▶ **YOUR INSTRUCTIONS**: Could you retype every line of the data underneath without altering anything?

▶ **INFORMATION SHOWN**:
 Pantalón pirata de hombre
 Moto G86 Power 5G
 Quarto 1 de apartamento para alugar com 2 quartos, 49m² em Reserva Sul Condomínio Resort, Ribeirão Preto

▶ **COMPLETED TASK**:
 Pantalón pirata de hombre
 Moto G86 Power 5G
 Quarto 1 de apartamento para alugar com 2 quartos, 49m² em Reserva Sul Condomínio Resort, Ribeirão Preto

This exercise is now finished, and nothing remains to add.